Records shown:
****

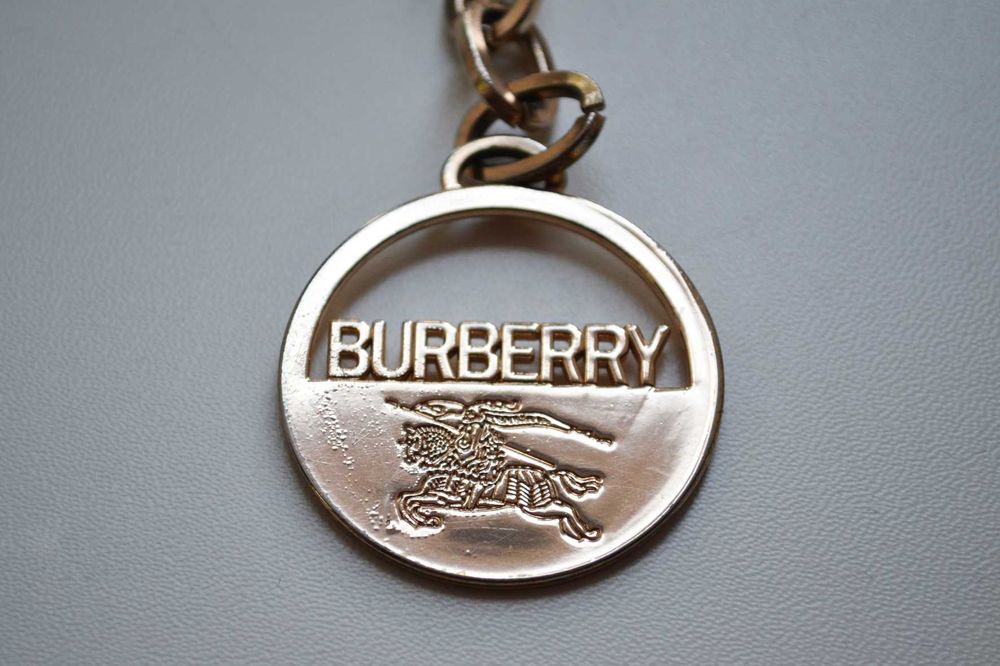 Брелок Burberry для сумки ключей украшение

****

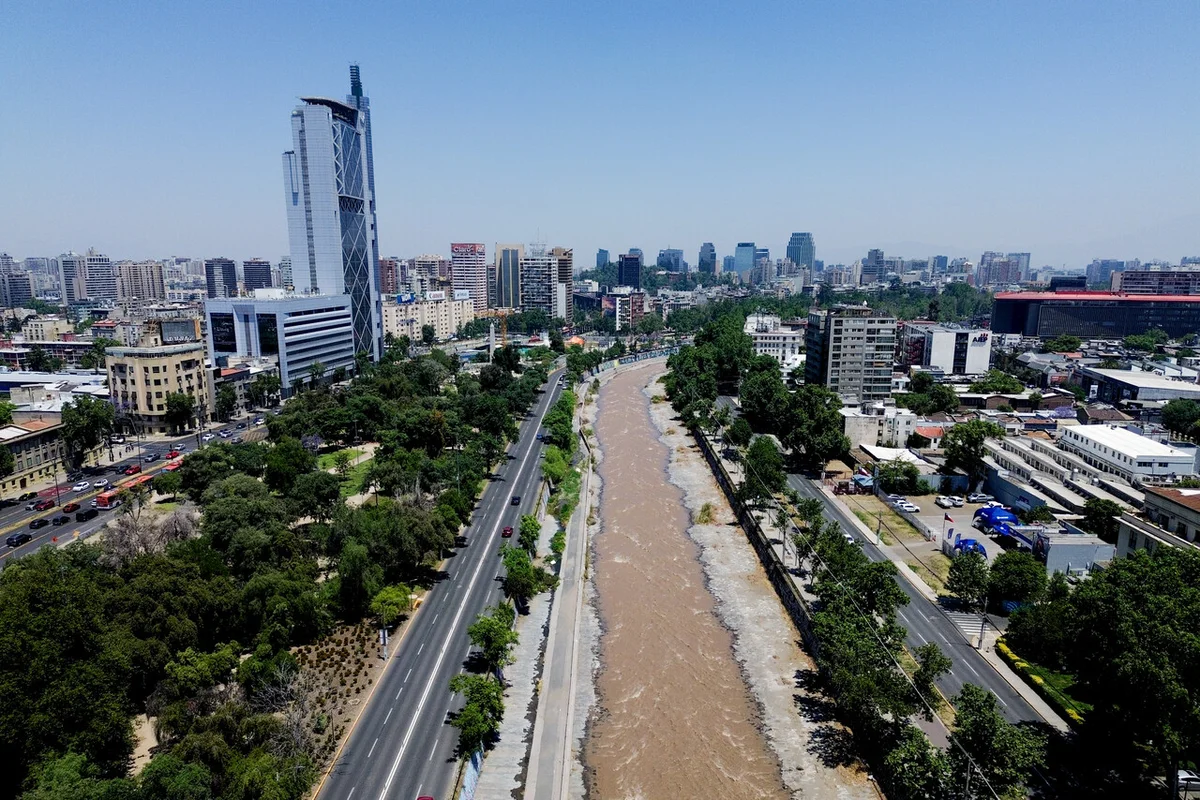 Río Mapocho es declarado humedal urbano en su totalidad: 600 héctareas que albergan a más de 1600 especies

****

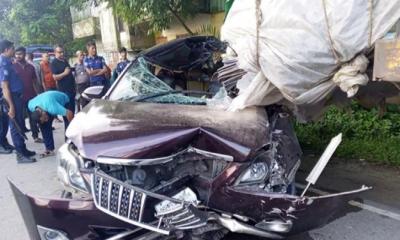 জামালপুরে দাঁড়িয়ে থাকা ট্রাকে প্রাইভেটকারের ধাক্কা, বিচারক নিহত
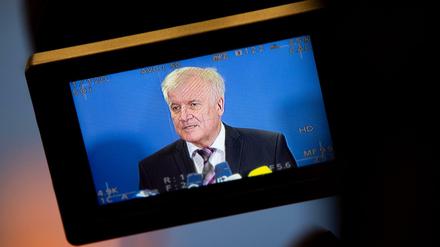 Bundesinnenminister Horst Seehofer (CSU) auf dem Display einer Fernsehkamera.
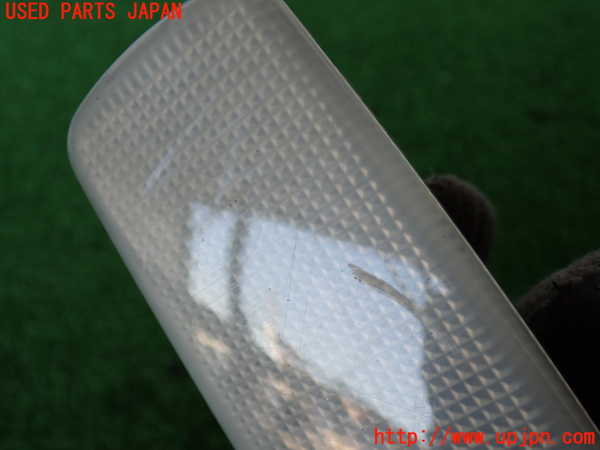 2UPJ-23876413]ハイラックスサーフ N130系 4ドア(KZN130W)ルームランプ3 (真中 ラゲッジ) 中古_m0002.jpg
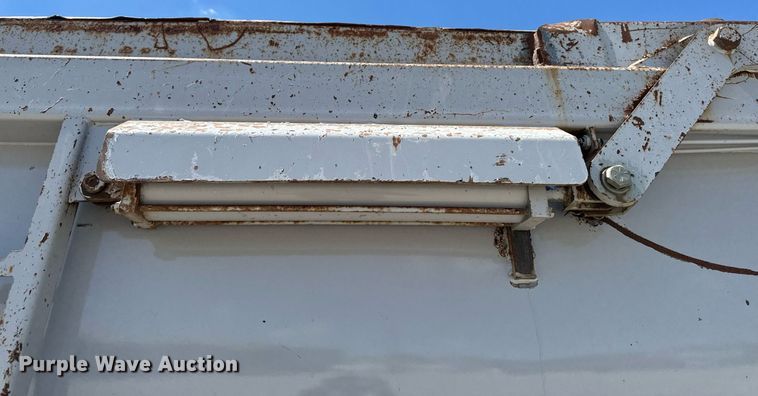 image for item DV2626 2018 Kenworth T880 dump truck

****

Work to complete: Give the lines above again exactly, from the one containing "2UPJ-23876413]ハイラックスサーフ N130系 4ドア(KZN130W)ルームランプ3" to the one containing "image for item", both included, but leave out the pictures.

Answer for this exercise:
 2UPJ-23876413]ハイラックスサーフ N130系 4ドア(KZN130W)ルームランプ3 (真中 ラゲッジ) 中古_m0002.jpg
 image for item DV2626 2018 Kenworth T880 dump truck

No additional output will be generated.